**Exercise materials:**
----
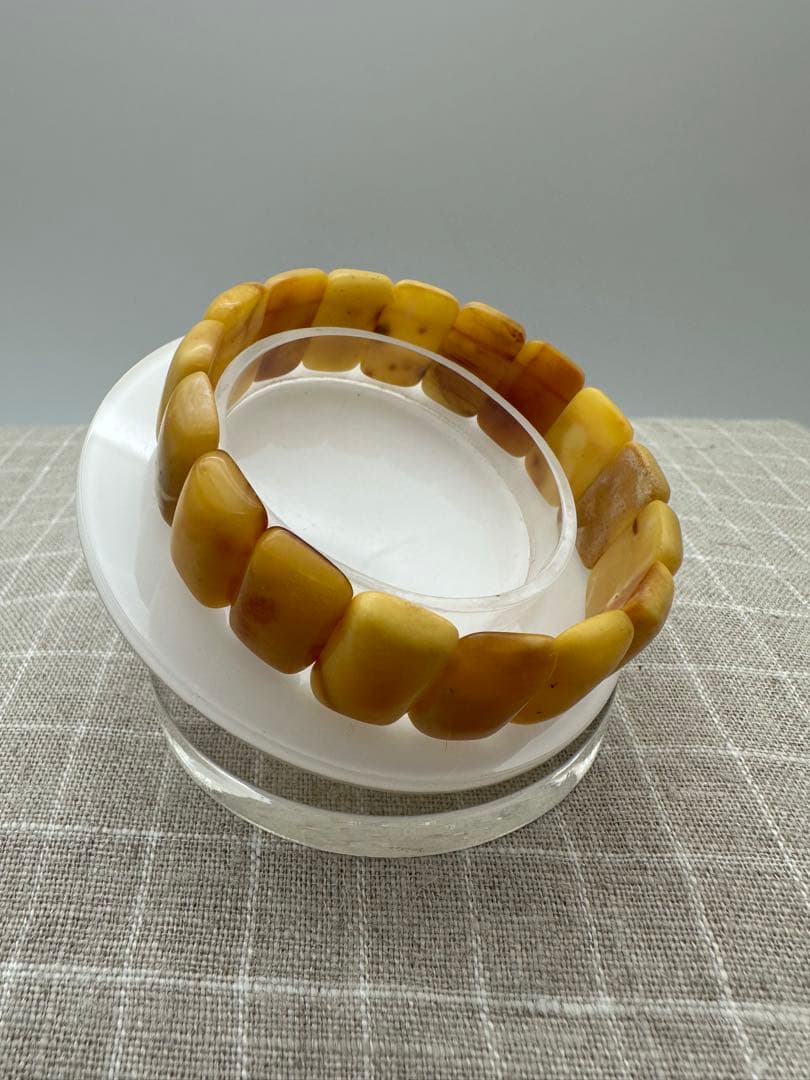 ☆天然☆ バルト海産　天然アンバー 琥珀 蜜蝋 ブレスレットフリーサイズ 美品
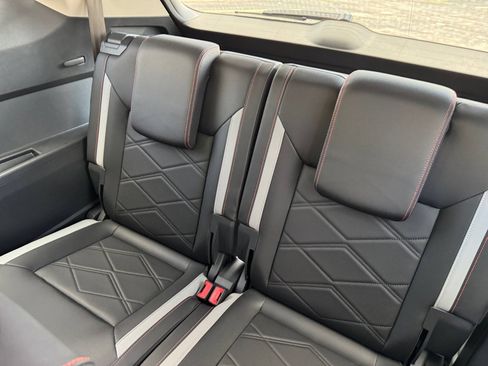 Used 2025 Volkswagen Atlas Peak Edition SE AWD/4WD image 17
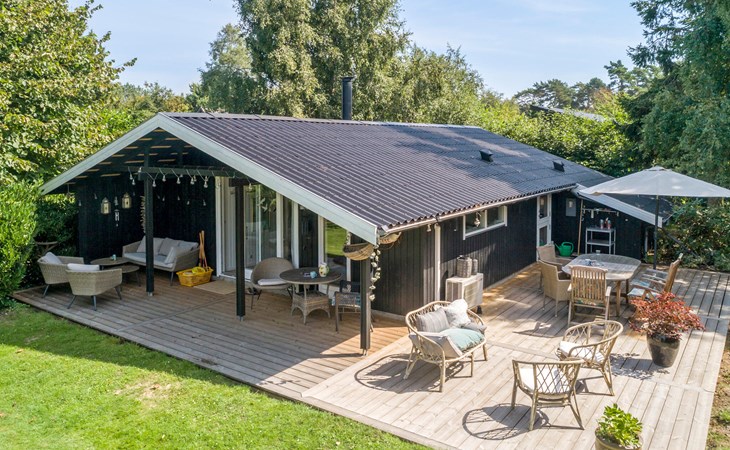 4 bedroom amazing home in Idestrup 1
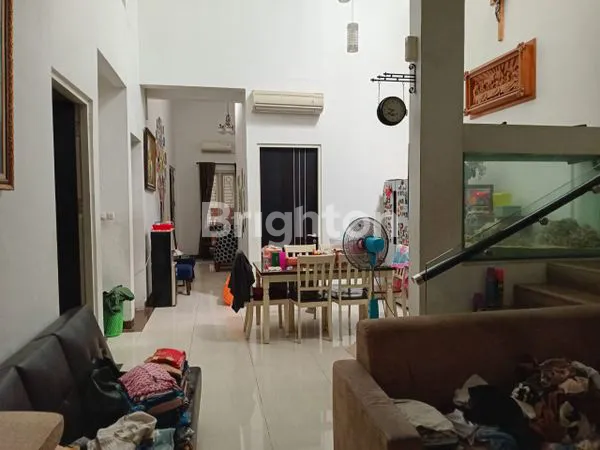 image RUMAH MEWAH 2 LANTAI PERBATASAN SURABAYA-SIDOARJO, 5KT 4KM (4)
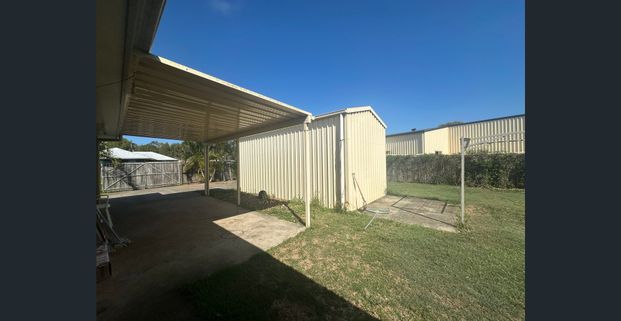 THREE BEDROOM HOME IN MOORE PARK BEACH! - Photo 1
----
**Exercise brief:**
All that belongs in the answer is the exact run of lines from the line containing "Used 2025 Volkswagen" to the end of the listing above, pictures removed.

**Your response:**
 Used 2025 Volkswagen Atlas Peak Edition SE AWD/4WD image 17
 4 bedroom amazing home in Idestrup 1
 image RUMAH MEWAH 2 LANTAI PERBATASAN SURABAYA-SIDOARJO, 5KT 4KM (4)
 THREE BEDROOM HOME IN MOORE PARK BEACH! - Photo 1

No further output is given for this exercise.